|Numerous “beehive” ovens used to bake bread are located on the encampment site. Recently inspecting one was Charles A. Couch (left), author of the accompanying report, and Dr. Stuart Reeve, an archaelogical consultant. An account executive with a computer consulting firm, Mr. Couch has his SAR Membership Application in process; he will be affiliated with the Connecticut Society’s Roger Sherman Branch. Thanks go to Edward Franklin Romig II, Immediate Past President of the Branch, for bringing this remarkable story to the attention of the National Trustees, who when they met in Louisville on March 7 approved a Resolution pledging support for a program aimed at conserving the site.|
A remarkable tract of land in Connecticut boasts remnants of an important Saga in the annals of the Revolutionary Waras reported by Charles A. Couch, A soon-to-be compatriot. Our National Society is strongly backing conservation efforts.

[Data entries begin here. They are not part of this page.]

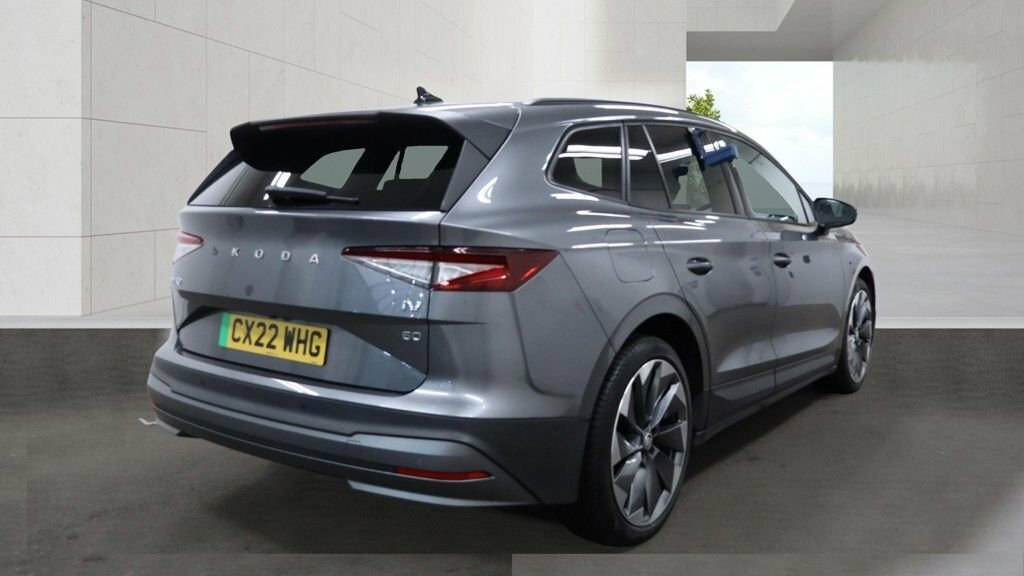 Skoda ENYAQ Suv Grey #6
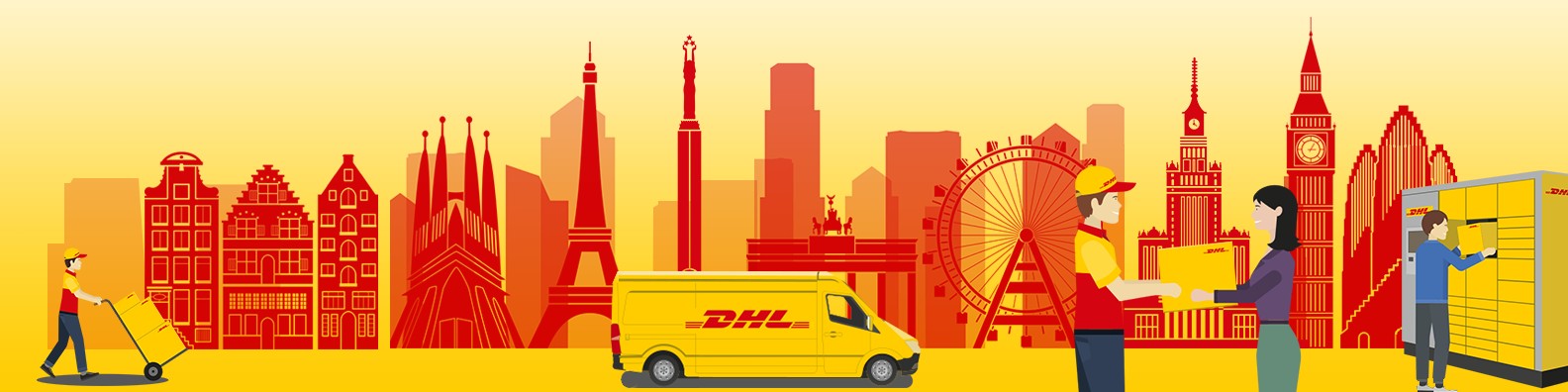 保定DHL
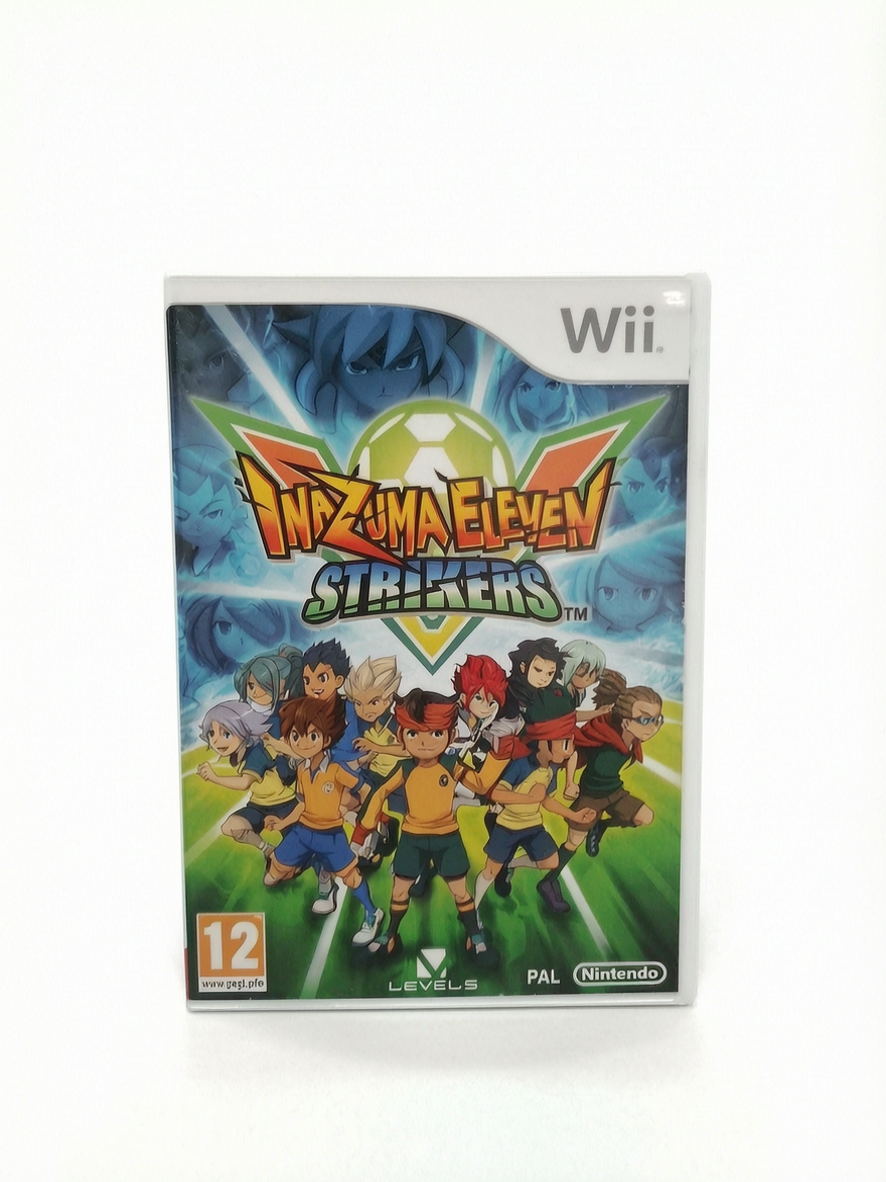 Inazuma Eleven Strikers Nintendo Wii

The State of Connecticut is well known for picturesque small towns with manicured town greens that sit amidst colonial homes and historic antique churches. Many of these communities are rich with Revolutionary War histories that tell us of our struggle in becoming a sovereign nation. What is not always apparent to many is the fast-paced development of land surrounding many of these tranquil settings. The town of Redding in Fairfield County is no exception to this dilemma. While only 65 miles from New York City, Redding is home to a 53-acre privately owned tract of land that has remained undisturbed since the times of the Revolutionary War. This unique parcel of land contains the remnants of a very important saga in American history. This is the core area of what was Gen. Samuel H. Parsons’ encampment of the 1st Connecticut Brigade during the Winter of 1778-79.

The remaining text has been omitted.